Even if Bauer could assert a prima facie case of defamation, an issue which the Court does not reach, Plaintiff's Motion to Dismiss Bauer's defamation claim would be granted because Plaintiff's actions in filing the preference action are entitled to absolute privilege. In Illinois, the litigation privilege provides immunity from civil suit for the defamatory statements made preliminary to or during the course of litigation so long as the defamatory matter is pertinent to the litigation. Medow v. Flavin, 336 Ill. App. 3d 20, 32 (1st Dist. 2002). The requirement that statements made in a judicial proceeding be pertinent or relevant is not strictly applied. Id.
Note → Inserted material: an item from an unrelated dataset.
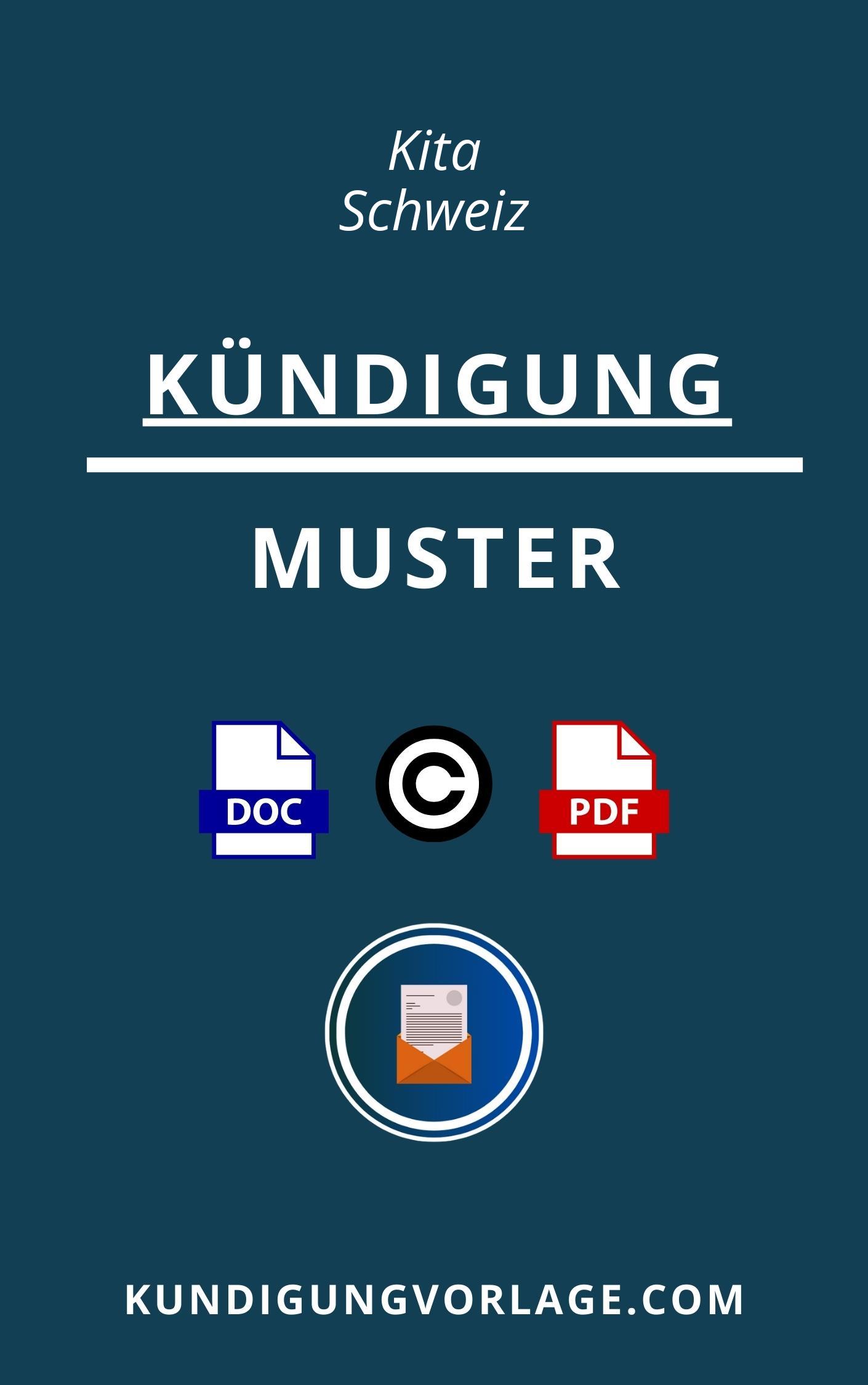 Kündigung Kita Schweiz Muster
The litigation privilege attaches "even where the defamatory statement is not confined to specific issues related to the litigation and all doubts should be resolved in favor of finding pertinency." Id. These broad privileges apply in bankruptcy cases. In re Berry Pub. Svcs., Inc., 231 B.R. 676 (Bankr. N.D. Ill. 1999). Based on the limited information in Bauer's Counterclaim and his Response to Plaintiff's Motion to Dismiss, Bauer appears to be claiming that Plaintiff's filing of the preference action is a defamatory statement. This "statement" was clearly made "during the course of litigation" because the Complaint was filed in court under the authority given to Plaintiff by 11 U.S.C. § 704 (1) of the Bankruptcy Code. The Complaint commenced the litigation and is an integral part of the litigation. Additionally, the Complaint is "pertinent to the litigation" because it stated the nature of the claims against Bauer and served to put Bauer on notice of the pendency of the preference action against him.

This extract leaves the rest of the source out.